Basem è un insegnante che vive incatenato ai suoi fallimenti: un matrimonio naufragato, un evento misterioso che ha coinvolto il figlio adolescente, e soprattutto una militanza politica che lo ha portato più volte in prigione. Come può una persona istruita evitare l’impegno politico in una terra dove Israele esercita una pressione quotidiana insopportabile, ignorando le violenze dei coloni fondamentalisti religiosi che incendiano terreni e pretendono la demolizione delle case della popolazione locale? È il dilemma esistenziale che attraversa tutto il film, un vicolo cieco senza via d’uscita apparente.
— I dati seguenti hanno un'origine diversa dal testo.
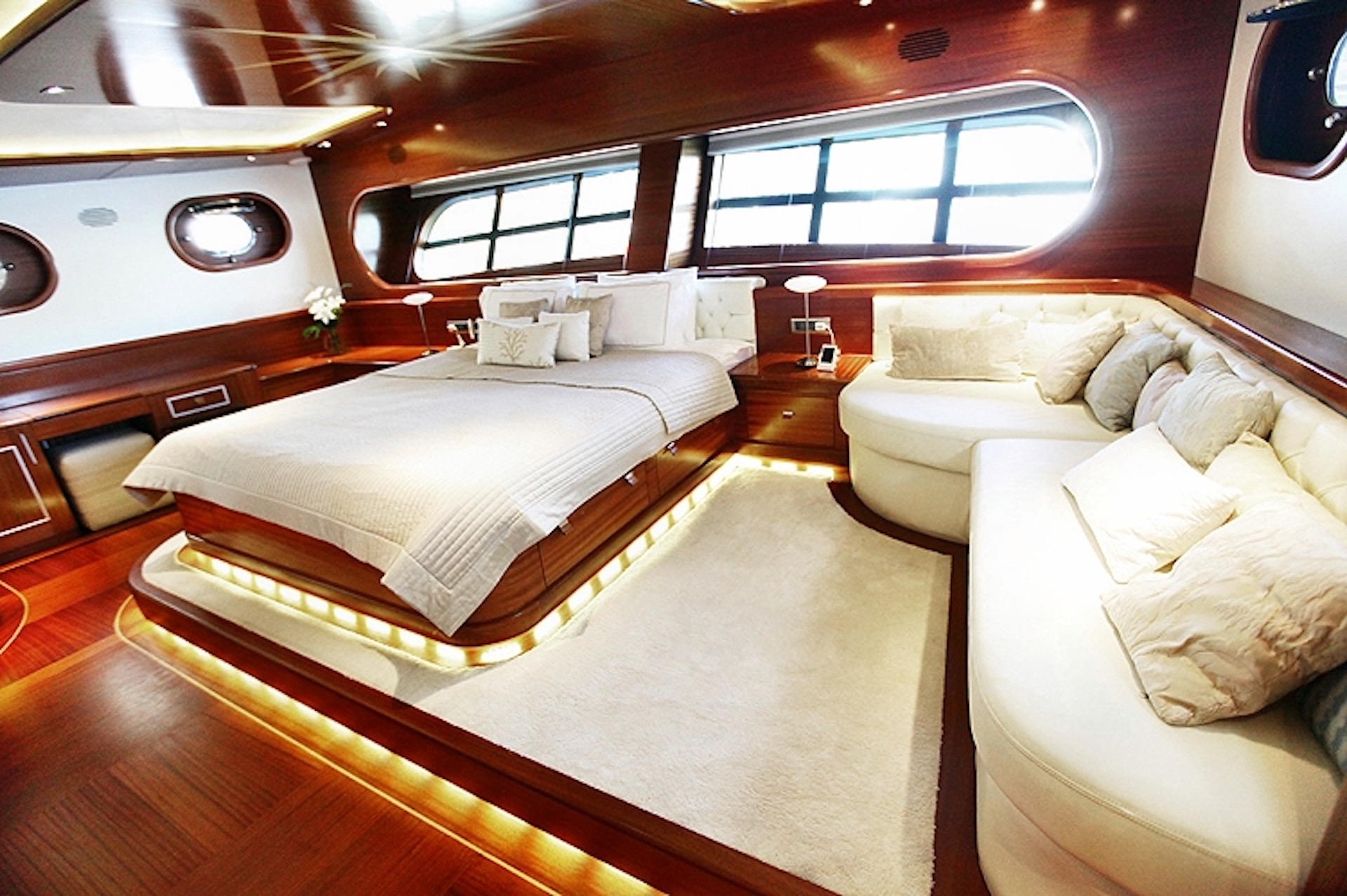 yacht charter La Bella Vita luxury cabin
La regista sceglie di introdurre un punto di vista esterno attraverso Lisa, una giovane volontaria inglese interpretata da Imogen Poots. Bionda, con gli occhi azzurri, Lisa sembra un’aliena in questi luoghi, dotata di un’ingenuità quasi caricaturale ma anche di tanta buona volontà. Il riferimento autobiografico è evidente: Nabulsi stessa era stata una volontaria anni prima. Il rapporto che si sviluppa tra Basem e Lisa diventa un tentativo di guardare oltre la collina, di immaginare un futuro diverso, anche se lei stessa gli ricorda di essere “una donna che può scegliere”, mentre lui resta prigioniero di una terra che non può abbandonare.
Il cuore pulsante di The Teacher emerge quando il film approfondisce la condizione dei palestinesi di Nablus e dintorni, dove la produzione ha effettivamente girato. Basem cerca disperatamente di conciliare il suo passato da resistente con la proiezione verso il futuro che vorrebbe regalare al suo studente prediletto, Adam. Ma la realtà lo travolge quando viene coinvolto nel rapimento di un giovane soldato israeliano di origine americana, utilizzato come merce di scambio per liberare oltre mille prigionieri palestinesi dalle carceri di Tel Aviv.
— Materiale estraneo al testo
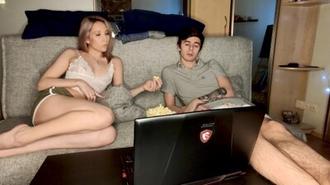  腼腆男学生双龙狂插性感女室友！嫩穴后庭双洞齐开，浪叫震翻天！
È in questo momento che il film raggiunge il suo apice narrativo, costruendo un parallelismo potente tra due padri su fronti opposti di una guerra fredda che non conosce fine. Si potrebbe fugacemente instaurare un dialogo a livello umano, riconoscere il dolore dell’altro, ma la distanza resta incolmabile. Basem pensa amaramente che per gli israeliani “suo figlio valga mille volte il mio”, un’asimmetria che non riguarda solo le dinamiche di scambio dei prigionieri ma l’intero conflitto.
The Teacher non è privo di imperfezioni. Alcuni didascalismi narrativi rallentano il ritmo, e l’idea dell’evasione sentimentale “britannica” del protagonista risulta la parte meno convincente dell’opera. Eppure, le dinamiche politiche coinvolgono emozionalmente e restituiscono con autenticità la vita quotidiana sotto occupazione. La performance di Saleh Bakri è il collante che tiene insieme tutte le contraddizioni del personaggio, un uomo che vorrebbe guardare avanti ma resta ancorato a una terra che continua a sanguinare.
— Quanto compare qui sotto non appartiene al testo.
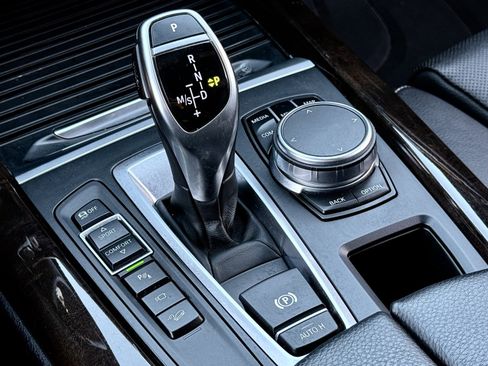 Used 2018 BMW X5 xDrive50i w/ Executive Package image 31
Il film arriva oggi che lo scenario sembra ancora più impossibile, con la tragedia di Gaza che ha nuovamente sconvolto la Palestina negli ultimi due anni. Ma The Teacher sposta lo sguardo sulla Cisgiordania, su quegli altri territori occupati dove la pressione israeliana si manifesta in forme diverse ma non meno soffocanti. Un film da vedere, ingenuità comprese, perché racconta una realtà che il cinema occidentale raramente sceglie di affrontare con questa onestà e partecipazione emotiva.
Farah Nabulsi dimostra che si può fare cinema politico senza rinunciare alla dimensione umana, che si può parlare di occupazione attraverso lo sguardo di un insegnante che vorrebbe solo dare opportunità ai suoi studenti. E forse è proprio questa la forza maggiore di The Teacher: ricordarci che dietro ogni conflitto ci sono persone che continuano a vivere, amare, insegnare e sperare, anche quando l’orizzonte sembra irraggiungibile dalle loro colline.